{-# LANGUAGE EmptyDataDecls, NoMonomorphismRestriction #-}
{-# LANGUAGE TypeFamilies #-}

-- | Context-free grammar with quantifiers
--
-- We extend CFG.hs to add quantified noun phrases
-- in the tradition of Montague
--
module Lambda.QCFG where

import Lambda.Semantics
import Lambda.CFG                              -- we shall re-use our earlier work

-- | Additional syntactic categories
--
data CN                                 -- Common noun
data QNP                                -- Quantified noun phrase

-- | We extend our earlier fragment with common nouns farmer and donkey,
-- and quantifiers everyone, someone, every farmer, a donkey, etc.
-- Since we added two new categories (CN and QNP), we need to add rules
-- to our CFG to be able to use the categories in derivations.
--
-- The numbers 4 and 5 are due to Montague
class (Symantics repr) => Quantifier repr where
  farmer   :: repr CN
  donkey   :: repr CN
  everyone :: repr QNP
  someone  :: repr QNP
  every    :: repr CN -> repr QNP
  a        :: repr CN -> repr QNP
  who      :: repr VP -> repr CN -> repr CN
  r5       :: repr TV -> repr QNP -> repr VP
  r4       :: repr QNP -> repr VP -> repr S

-- | Sample sentences (or, CFG derivations)
-- We stress that the inferred type of sen2-sen4
-- is S. So, these are the derivations of
-- complete sentences.
sen2 = r4 everyone (r2 like mary)

sen3 = r1 john (r5 like someone)

sen4 = r4 everyone (r5 like someone)

sen5 = r4 (every (who (r5 own (a donkey)) farmer)) (r5 like (a donkey))

-- | We extend our EN interpreter (interpreter of
-- derivations as English phrases) to deal
-- with QNP.
instance Quantifier EN where
  farmer            = EN "farmer"
  donkey            = EN "donkey"
  everyone          = EN "everyone"
  someone           = EN "someone"
  every (EN n)      = EN ("every " ++ n)
  a     (EN n)      = EN ("a " ++ n)
  who (EN r) (EN q) = EN (q ++ " who " ++ r)
  r5 (EN f) (EN x)  = EN (f ++ " " ++ x)
  r4 (EN x) (EN f)  = EN (x ++ " " ++ f)

-- | We can now see the English sentences that
-- correspond to the derivations sen2-sen4.
sen2_en = sen2 :: EN S
sen3_en = sen3 :: EN S
sen4_en = sen4 :: EN S
sen5_en = sen5 :: EN S

-- | We also extend the semantics interpreter:
-- the interpreter of a derivation into a
-- formula of STT, or Lambda-calculus.
--
-- We add the interpretation of the categories CN and QNP,
-- following Montague
type instance Tr CN  = Entity -> Bool
type instance Tr QNP = (Entity -> Bool) -> Bool

instance (Lambda lrepr) => Quantifier (Sem lrepr) where
  farmer                = Sem farmer'
  donkey                = Sem donkey'
  everyone              = Sem forall
  someone               = Sem exists
  every (Sem cn)        = Sem (forall_ cn)
  a     (Sem cn)        = Sem (exists_ cn)
  who (Sem r) (Sem q)   = Sem (lam (\x -> conj (app q x) (app r x)))
  r5 (Sem tv) (Sem qnp) = Sem (lam (\s -> app qnp
                              (lam (\o -> app (app tv o) s))))
  r4 (Sem qnp) (Sem vp) = Sem (app qnp vp)
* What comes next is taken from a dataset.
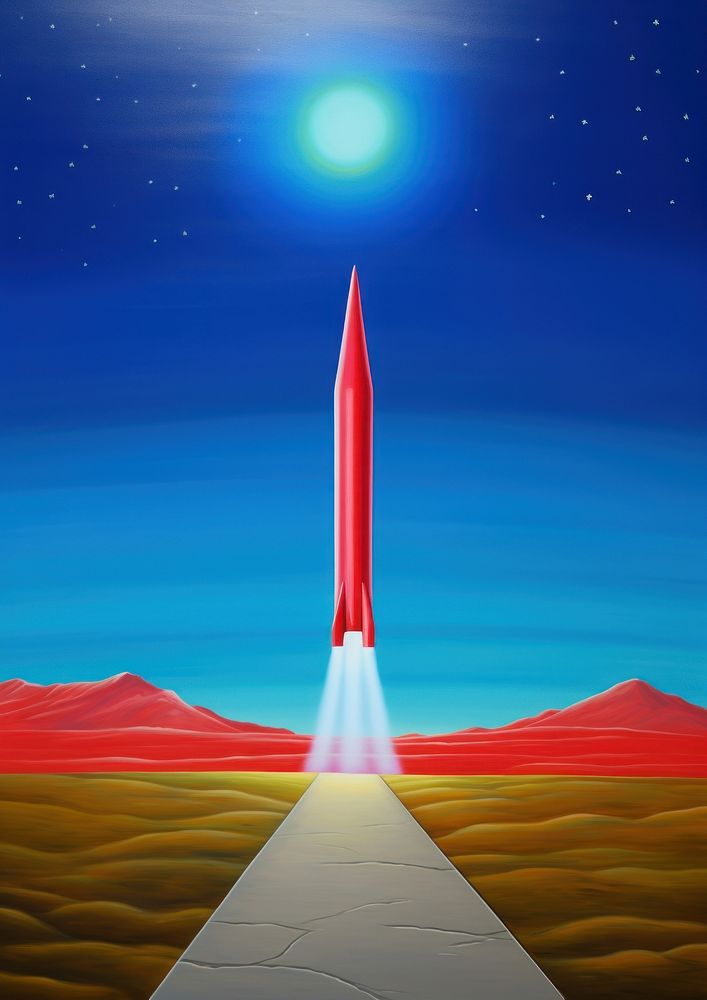 Painting illustration of rocket art ammunition weaponry.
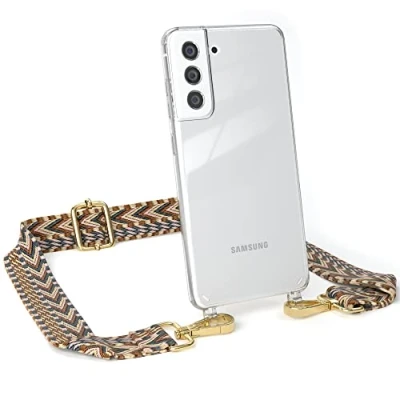 Abbildung von EAZY CASE Handykette Verstellbares Taschenband kompatibel mit Samsung Galaxy S21 FE 5G, Schulterriemen, Handykordel Silikon Hülle, Umhängetasche, Hell Braun/Braun Endstücke Gold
-- | We can see the semantic yield of our derivations,
-- but the formulas are not reduced!
--
sen2_sem = sen2 :: Sem C S
sen3_sem = sen3 :: Sem C S
sen4_sem = sen4 :: Sem C S
sen5_sem = sen5 :: Sem C S

-- | the shown result of sen3_sem is a formula with 
-- an apparent beta-redex. The formula can be simplified
-- (reduced) so it reads better. That's why we need the
-- partial evaluator.
sen3_semp = sen3 :: Sem (P C) S
sen5_semp = sen5 :: Sem (P C) S

-- The shown result of sen4_sem shows the linear reading
-- (linear reading) of the quantifiers?
-- How to get an inverse reading? Montague shown
-- a general approach: see QHCFG.hs